The first reason is the same reason things go so wrong when you put an accountant in charge of a major aerospace company or a lawyer in charge of a major hobby gaming company (when the first has zero understanding of aerospace engineering and the second of what games are and what fans want from them).

Like the accountant and the lawyer, they don’t understand their organizational and stakeholder/user needs!
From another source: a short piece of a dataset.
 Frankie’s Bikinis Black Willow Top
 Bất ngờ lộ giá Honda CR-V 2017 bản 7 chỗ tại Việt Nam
The second major reason is that they don’t understand what these “solutions” actually do and how to properly qualify, select, and implement them. And, most importantly, what to realistically expect from them … and when.

A GPO is not a GPO is not a GPO — these Group Purchasing Organizations specialize by industry and region; and in making an impact by category and usage. They are not everything for everyone.
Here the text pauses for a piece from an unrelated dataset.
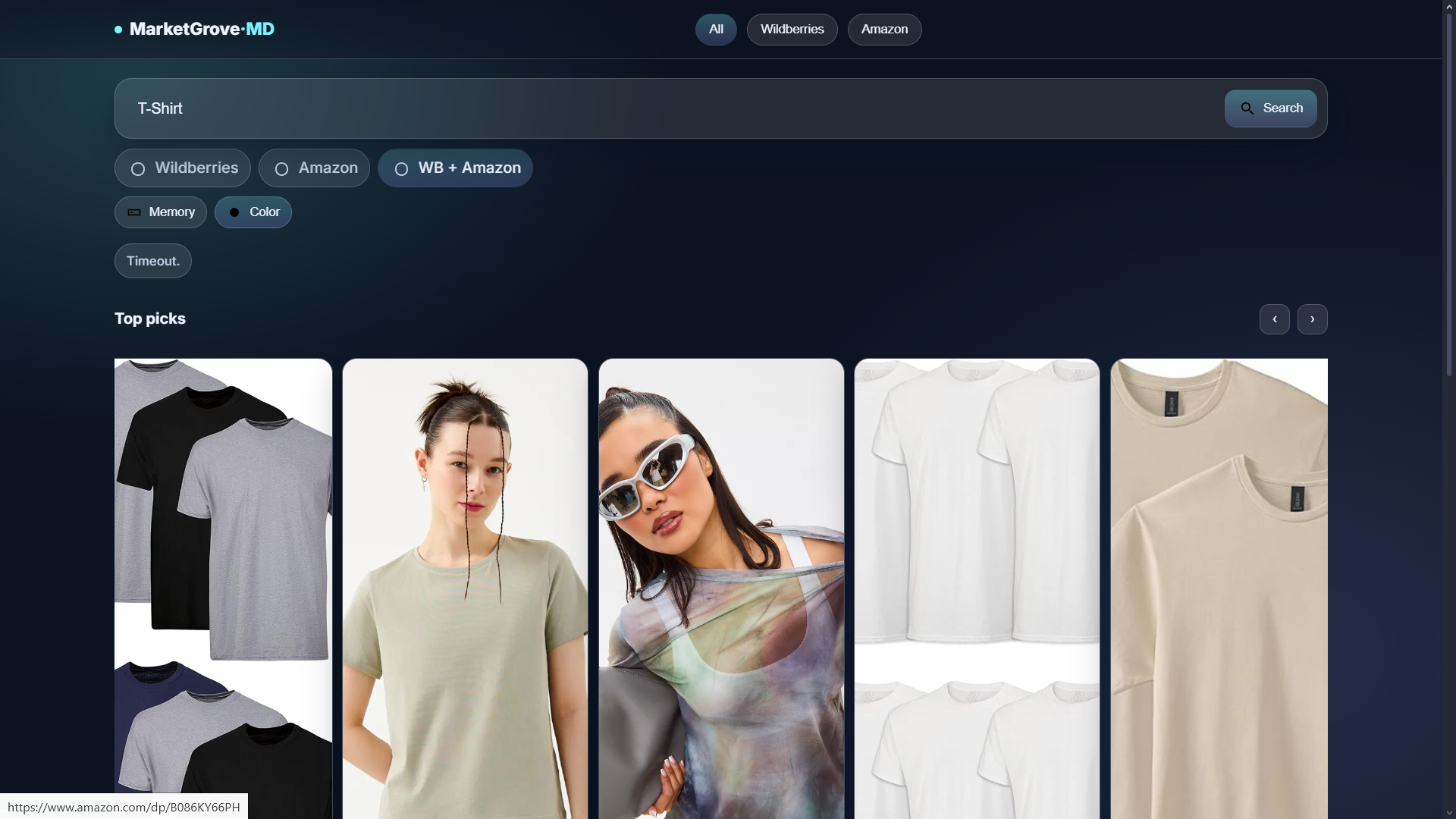 Multi‑Shop Scraper — Wildberries + Amazon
AI is not AI is not AI (unless it’s all Gen-AI, then it’s all bullcr@p). Until Gen-AI, the doctor was promoting ALL Advanced Sourcing Tech, including properly designed, implemented, and tested AI, because the right AI was as close to a miracle as you’ll get. (And the wrong AI will bankrupt you.) Now, any AI post 2020 is suspect to the nth degree.

Simply stated, the failures are because they all think they can press the big red easy button and throw it over the wall. But you can’t manage what you don’t understand! And until the world remembers this, these failures will continue to happen on a consistent basis.

And, as organizations continue to press that Gen-AI powered “easy” button while outsourcing more and more of their critical operations, expect to see a resurgence of the big supply chain disasters, like the ones we saw in the 90s and the 00s (including the ones which wiped out Billion $ companies). Hard to believe that only nine years ago the doctor was worried about companies relying on outdated ERPs ending up in the supply chain disaster record books, given how many of the disasters were the result of a big-bang ERP implementation. However, the risks associated with Gen-AI makes ERP risks look like training wheel risks!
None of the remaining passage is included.